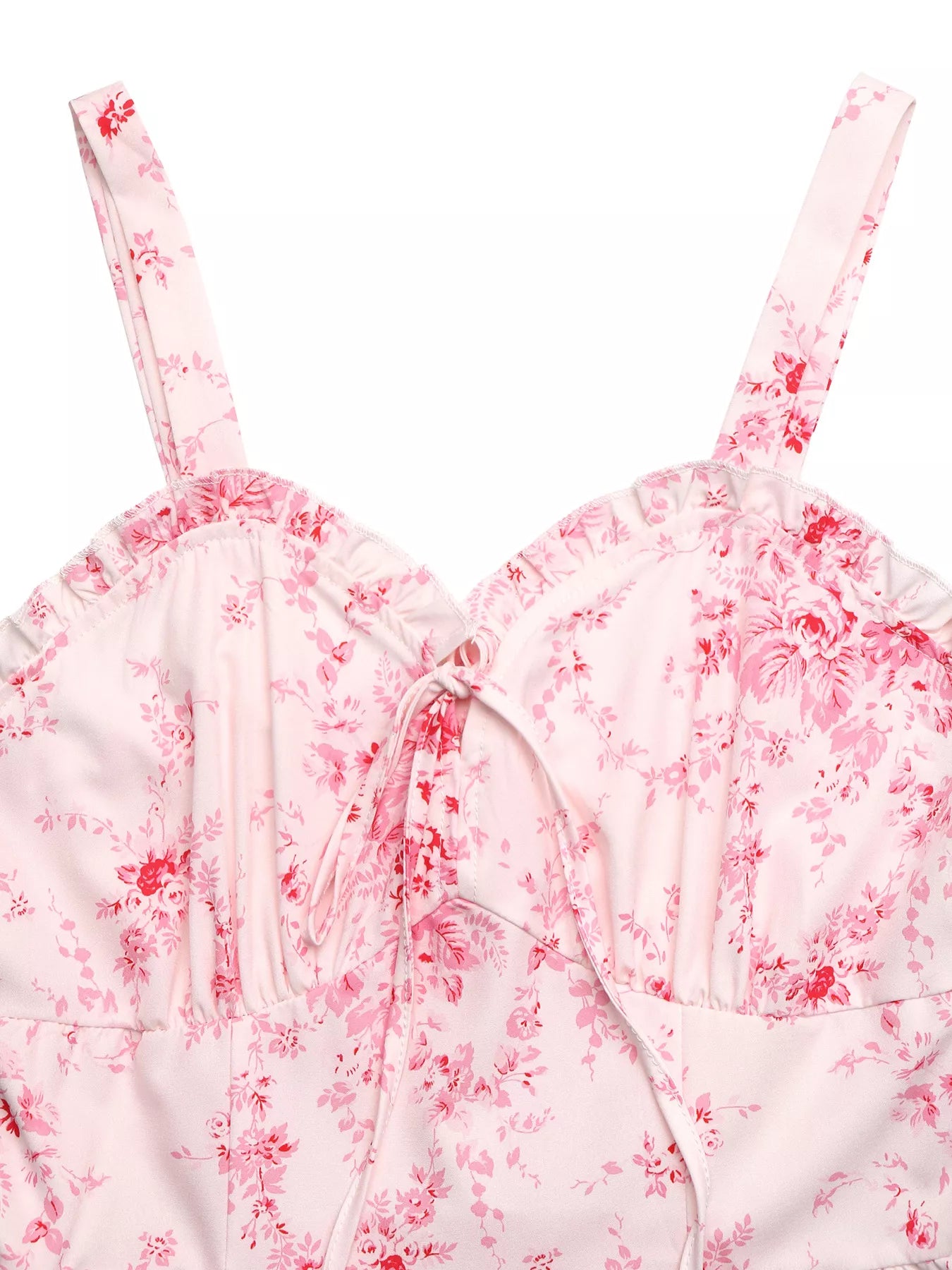 Close-up of pink floral cami dress bodice with ruffled frill and drawstring tie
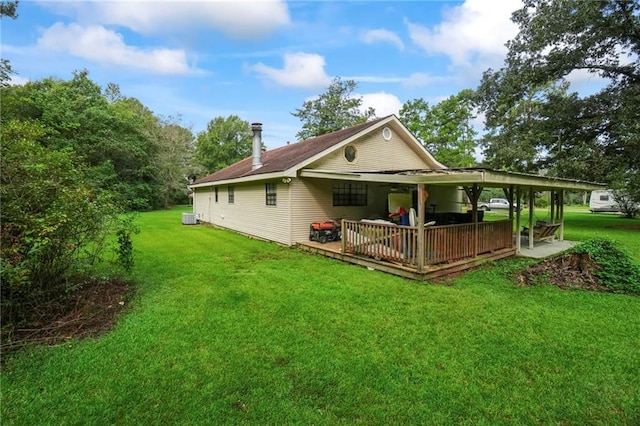 back of property featuring a lawn, a deck, and central air condition unit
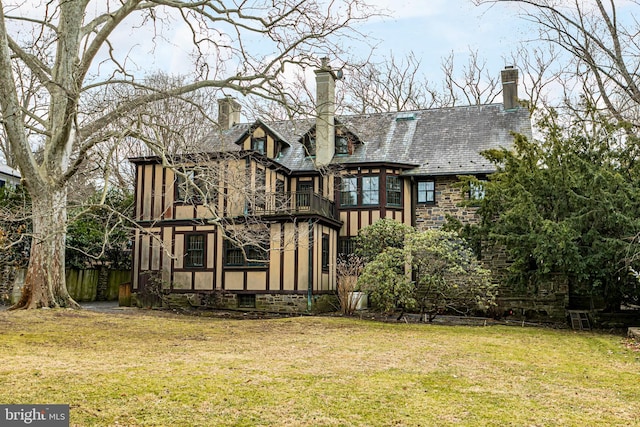 rear view of house featuring a lawn, a sunroom, stone siding, a chimney, and a high end roof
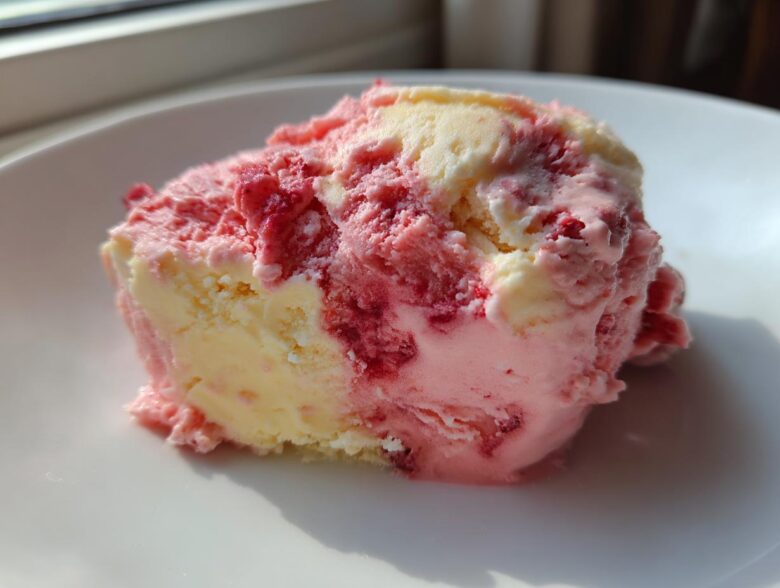 A close-up scoop of marbled Strawberry Banana Ice Cream showing swirls of pink strawberry and creamy yellow banana flavors.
- - -
→ Task requirements
The answer must consist solely of the lines from the line containing "rear view of" to the end of the data, reproduced exactly, with every picture left out.

→ Task response
 rear view of house featuring a lawn, a sunroom, stone siding, a chimney, and a high end roof
 A close-up scoop of marbled Strawberry Banana Ice Cream showing swirls of pink strawberry and creamy yellow banana flavors.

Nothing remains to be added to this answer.